> _WHAT YOU NEED TO DO_: Using the listing below, please print exactly the lines from the one with "Adidas By Wales Bonner Slides" through the one with "tamy sweet01 online show from 21, 12, 2024". Leave out every picture.
:: PROVIDED DATA ::
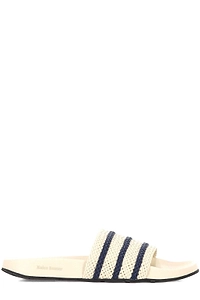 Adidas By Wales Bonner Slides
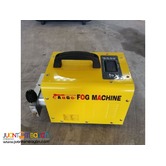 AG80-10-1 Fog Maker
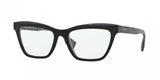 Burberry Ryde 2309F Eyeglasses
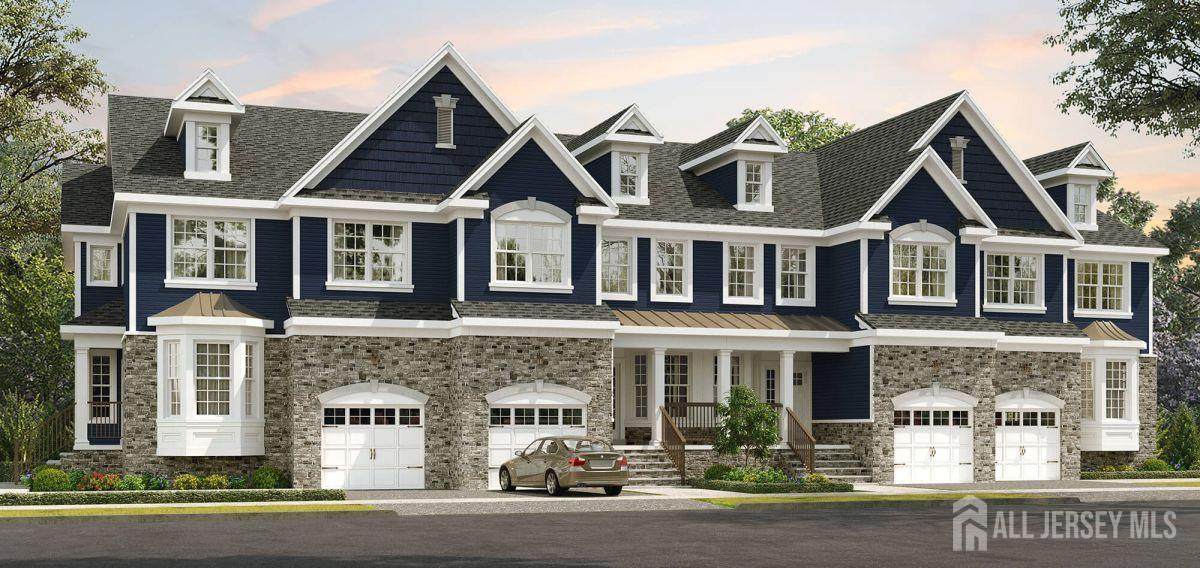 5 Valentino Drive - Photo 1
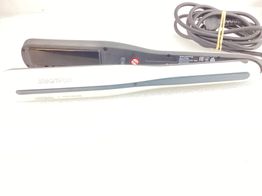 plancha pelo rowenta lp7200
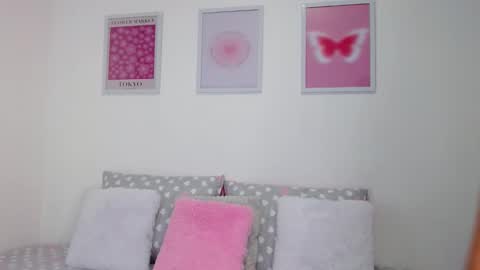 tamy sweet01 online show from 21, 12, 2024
:::
:: PROVIDED DATA ::
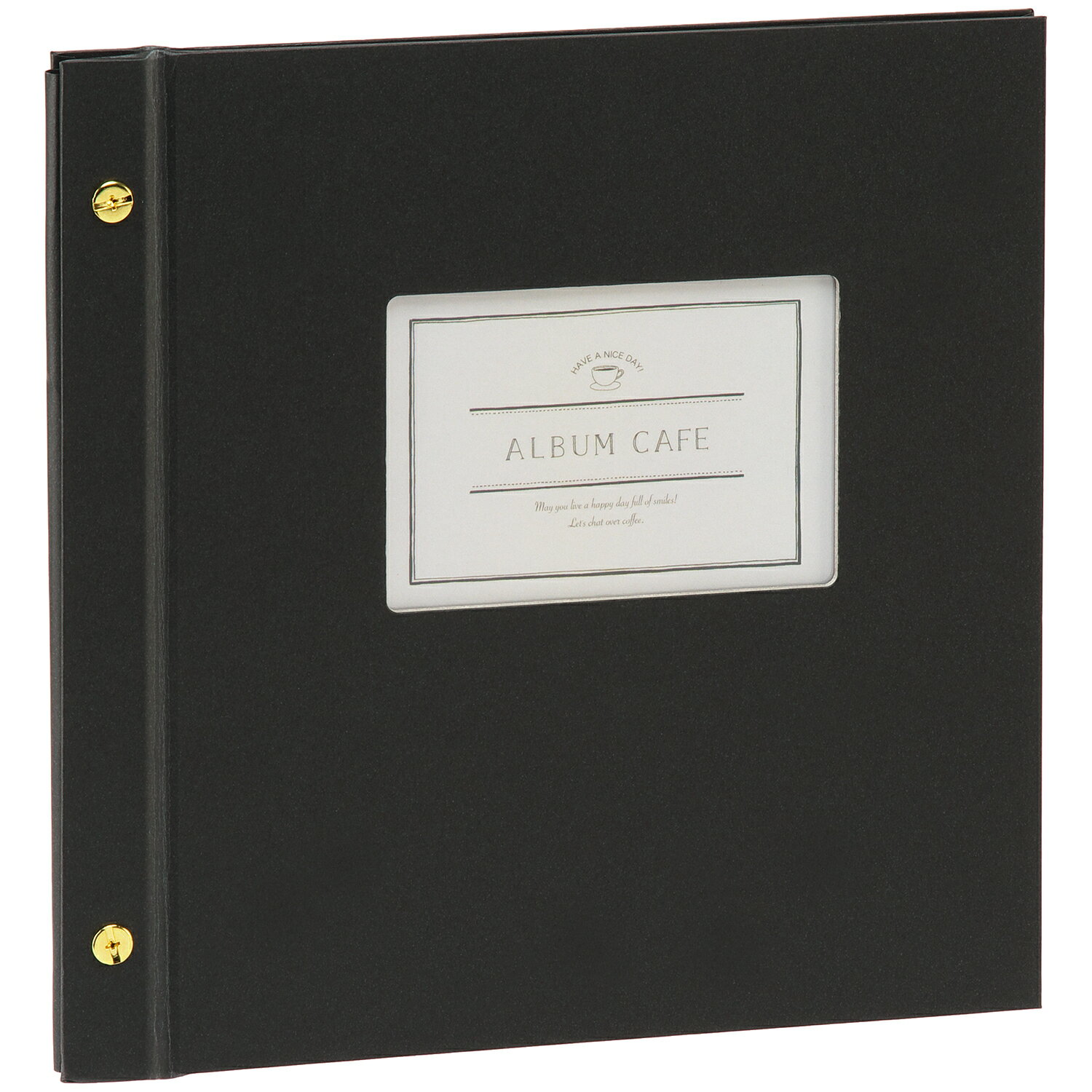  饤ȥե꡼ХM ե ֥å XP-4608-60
:::
> _ANSWER BOX_:
 Adidas By Wales Bonner Slides
 AG80-10-1 Fog Maker
 Burberry Ryde 2309F Eyeglasses
 5 Valentino Drive - Photo 1
 plancha pelo rowenta lp7200
 tamy sweet01 online show from 21, 12, 2024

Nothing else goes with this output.